Table 5. Supports Land Grant Mission and Data Made Available Crosstabulation
Data Made Available | Total | ||||||
|---|---|---|---|---|---|---|---|
None | Some | Most | All | ||||
Supports Land Grant Mission | No | Count | 27 | 60 | 28 | 16 | 131 |
Expected Count | 15.9 | 59.6 | 35.4 | 20.1 | 131.0 | ||
% within Supports Land Grant Mission | 20.6% | 45.8% | 21.4% | 12.2% | 100.0% | ||
Adjusted Residual | 4.6 | .1 | -2.3 | -1.5 | |||
Yes | Count | 0 | 41 | 32 | 18 | 91 | |
Expected Count | 11.1 | 41.4 | 24.6 | 13.9 | 91.0 | ||
% within Supports Land Grant Mission | .0% | 45.1% | 35.2% | 19.8% | 100.0% | ||
Adjusted Residual | -4.6 | -.1 | 2.3 | 1.5 | |||
Total | Count | 27 | 101 | 60 | 34 | 222 | |
Expected Count | 27.0 | 101.0 | 60.0 | 34.0 | 222.0 | ||
% within Supports Land Grant Mission | 12.2% | 45.5% | 27.0% | 15.3% | 100.0% | ||
Respondents' motivations had less of an effect on the rest of their data management practices. For instance, sharing data can become significantly more impactful when that data is accompanied by useful metadata. For the overall population 17% (n = 47) of respondents created metadata for all of their data, 54% (n= 151) created metadata for some of their data, 11% (n = 31) created metadata for none of their data, and 18% (n = 49) were not certain. For both the advancement of science (Pearson Chi-square=2.846;), as well as for the land-grant mission (Pearson Chi-square=3.927), there was not a statistically significant relationship between their motivations, and the amount of metadata they created.

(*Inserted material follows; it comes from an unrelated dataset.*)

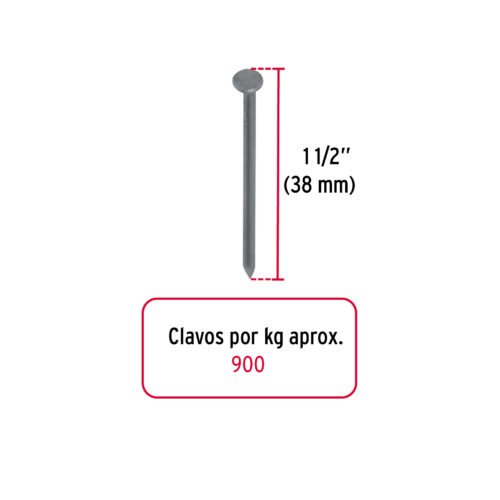 44151 44151 - Kilo de clavo estándar 1-1/2" con cabeza en caja de 25 kg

By far, the most popular method of sharing data within our population was by request from colleagues at 87% (n = 166) (Table 6). In comparison all of the different methods of sharing data through the internet (FTP, Data Repository and through the web) add up to 63% (n = 119).
Table 6. Methods of Data Sharing
| Response | N | % |
|---|---|---|
Colleagues can request the data from me | 166 | 87% |
It can be downloaded from the web | 51 | 27% |
It is viewable online | 30 | 16% |
It can be downloaded from a data repository | 28 | 15% |
Other, please specify | 12 | 6% |
It can be downloaded from an FTP site | 10 | 5% |
Given the significant number of respondents who share their data through these informal means, we tested to see if motivations would play a role in how likely respondents were to share their data openly. For scientific advancement in general (Pearson Chi-square=1.936; degrees of freedom=2; exact p-value=.316) and the land-grant mission in particular (Pearson Chi-square=3.387; degrees of freedom=2; exact p-value=.303), there was no significant relationship.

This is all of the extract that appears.